▶ Problem
Reproduce the listing below from the line with "GHD Kit Con" to the line with "Die Porta Maggiore", both lines included, character for character, minus any pictures.
======== Provided information
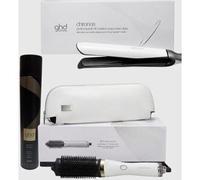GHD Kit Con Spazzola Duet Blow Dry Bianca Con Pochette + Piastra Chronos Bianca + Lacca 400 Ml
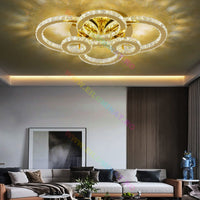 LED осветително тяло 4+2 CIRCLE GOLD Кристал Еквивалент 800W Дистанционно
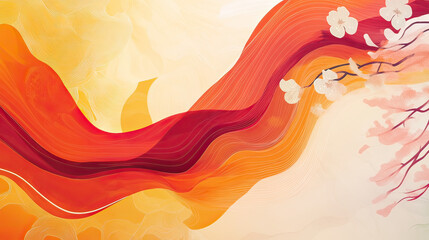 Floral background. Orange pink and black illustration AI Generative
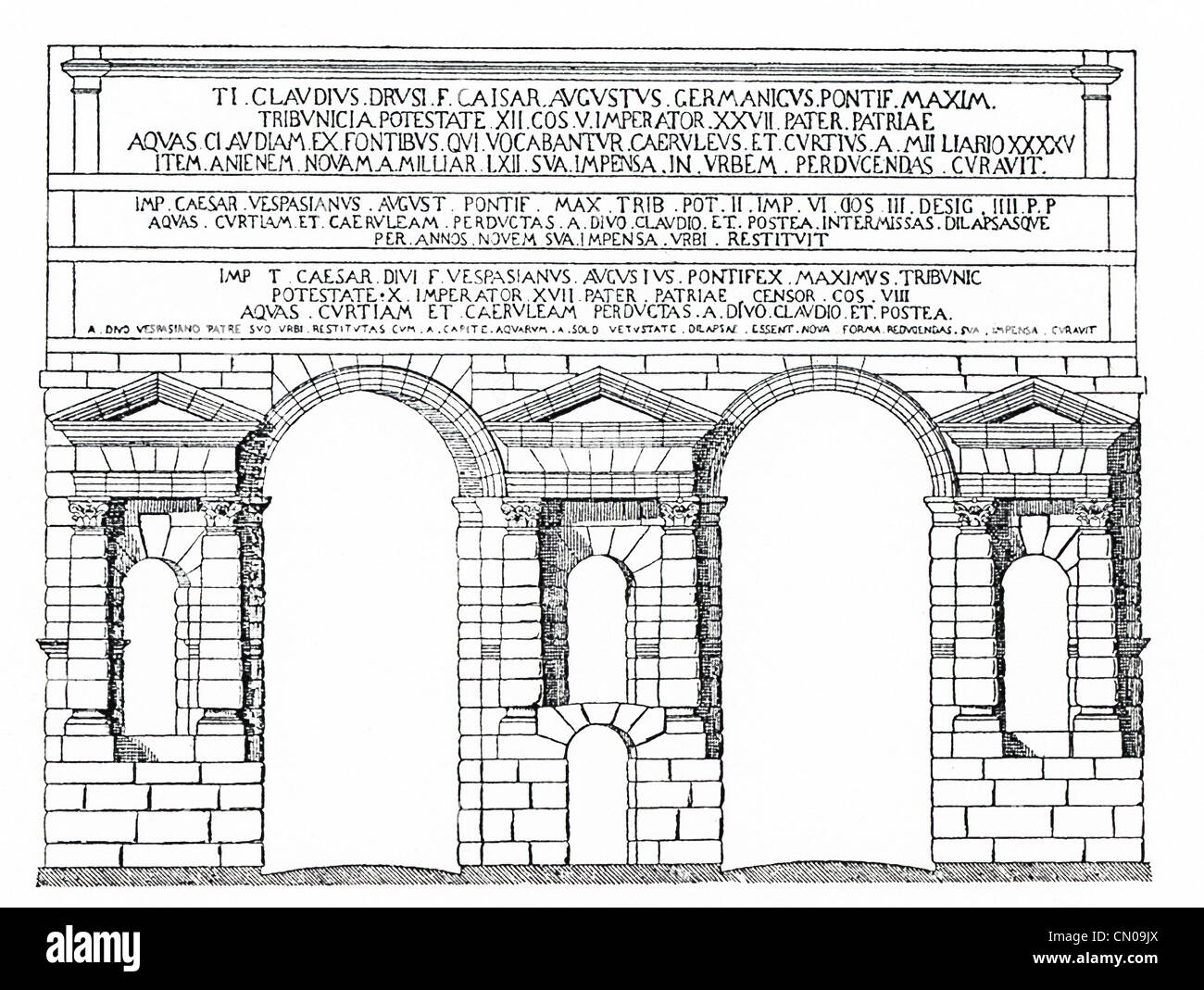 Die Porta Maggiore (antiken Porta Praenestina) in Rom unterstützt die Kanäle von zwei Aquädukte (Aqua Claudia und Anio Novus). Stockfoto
================
======== Provided information
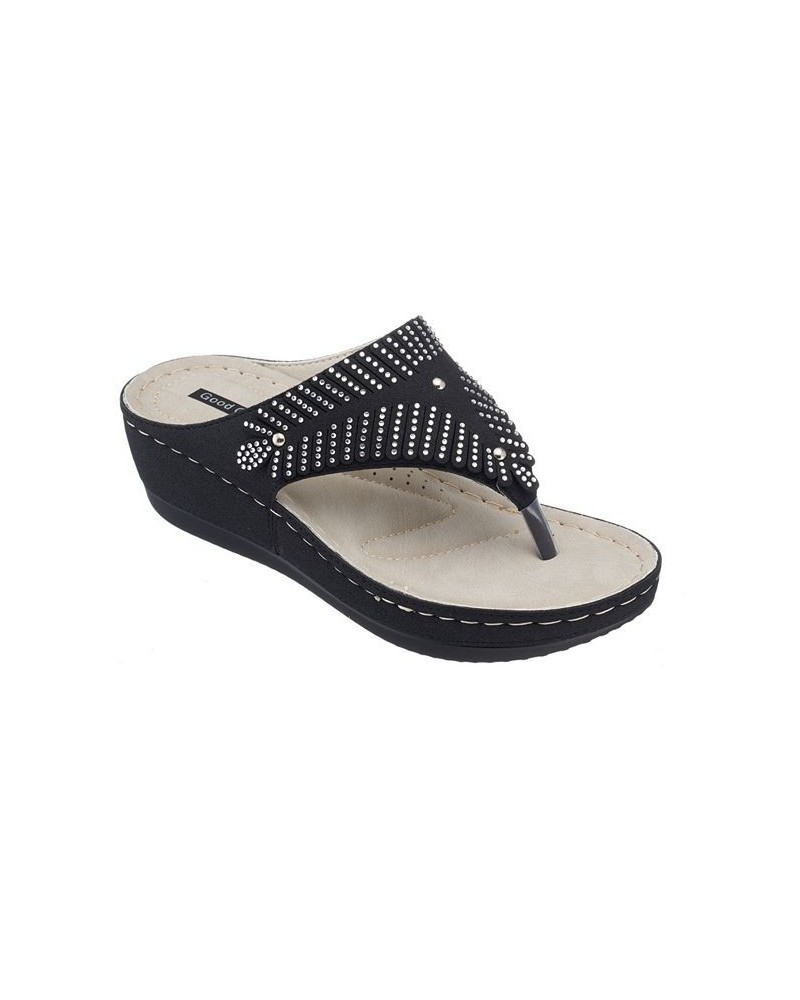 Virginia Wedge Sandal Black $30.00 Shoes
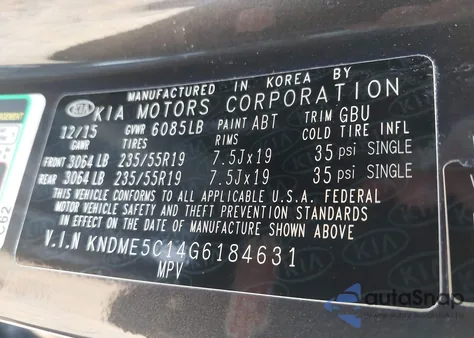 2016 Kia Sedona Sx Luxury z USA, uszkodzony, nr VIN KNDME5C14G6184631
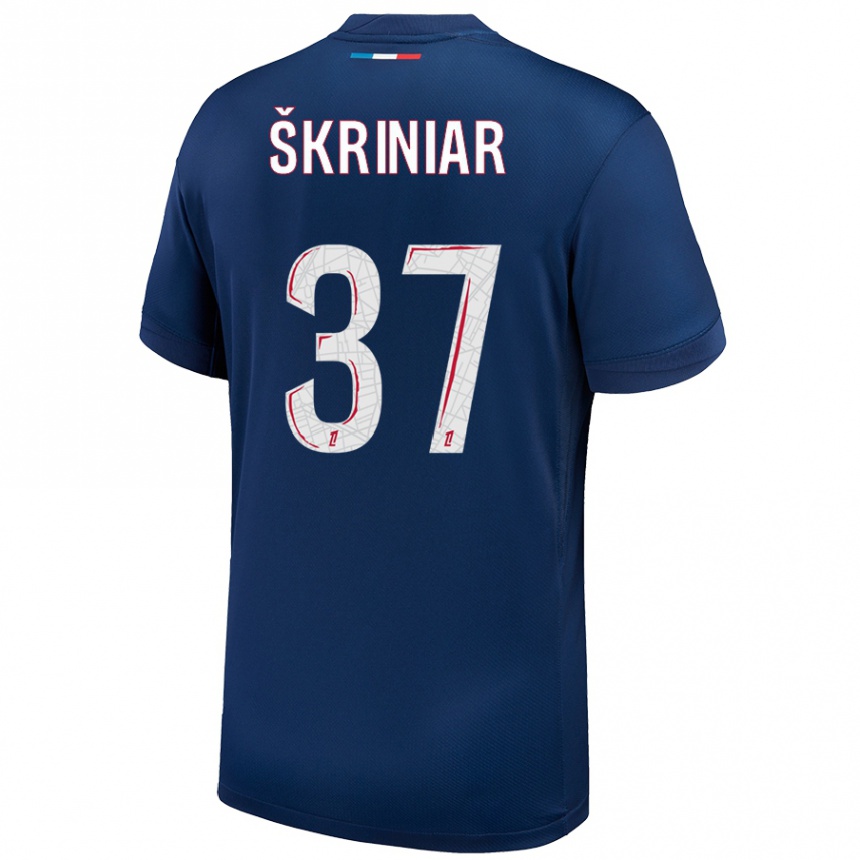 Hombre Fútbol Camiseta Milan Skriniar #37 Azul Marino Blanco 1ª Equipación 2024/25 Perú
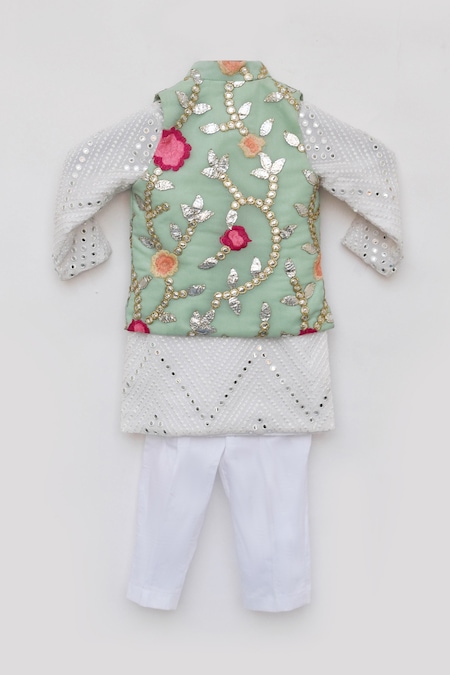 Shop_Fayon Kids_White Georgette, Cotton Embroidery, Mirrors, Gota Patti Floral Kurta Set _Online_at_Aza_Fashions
================
▶ Task result
GHD Kit Con Spazzola Duet Blow Dry Bianca Con Pochette + Piastra Chronos Bianca + Lacca 400 Ml
 LED осветително тяло 4+2 CIRCLE GOLD Кристал Еквивалент 800W Дистанционно
 Floral background. Orange pink and black illustration AI Generative
 Die Porta Maggiore (antiken Porta Praenestina) in Rom unterstützt die Kanäle von zwei Aquädukte (Aqua Claudia und Anio Novus). Stockfoto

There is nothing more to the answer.